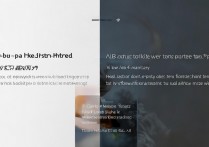 vivo V3M手机截图方法有哪些？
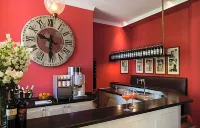Hotel Gut Kaden Hotels in Bokel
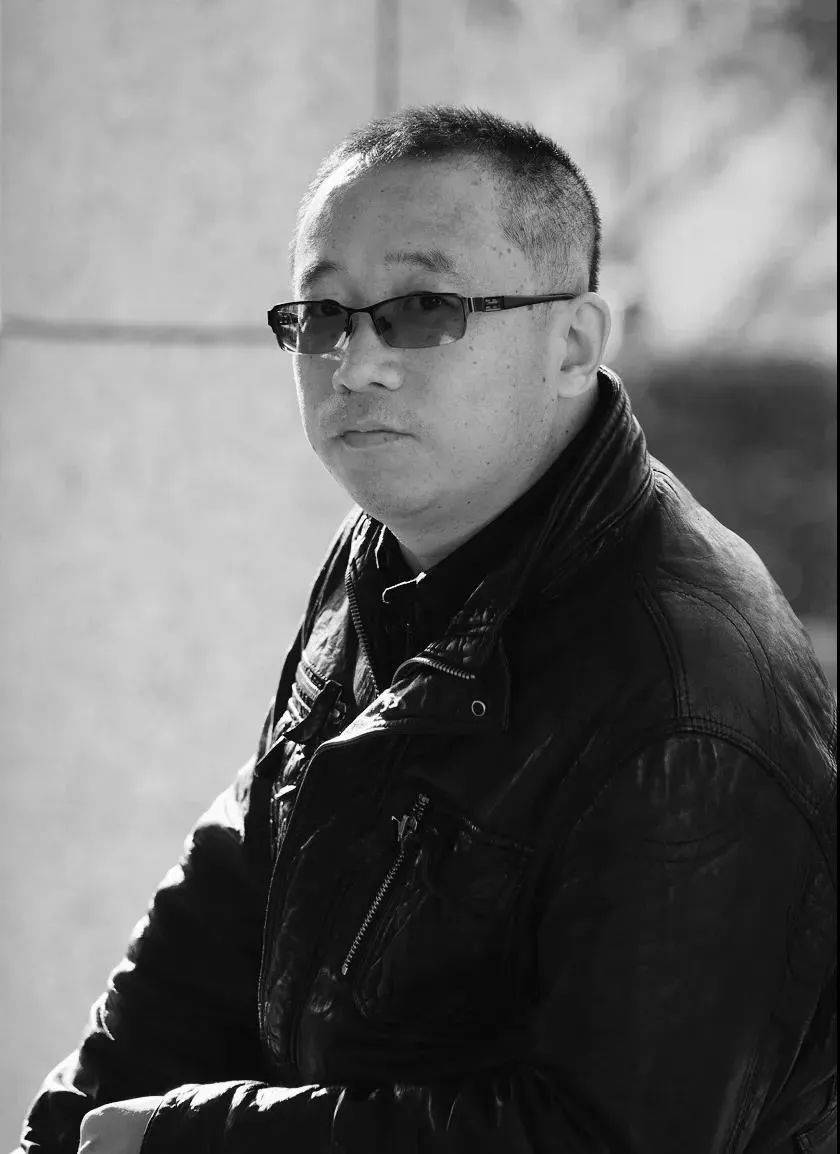 王文举:有意无意,黑白之间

• **Your goal**:
The pictures in the data should be omitted, and every remaining line set down exactly.

• **Reply to the task**:
 vivo V3M手机截图方法有哪些？
Hotel Gut Kaden Hotels in Bokel
 王文举:有意无意,黑白之间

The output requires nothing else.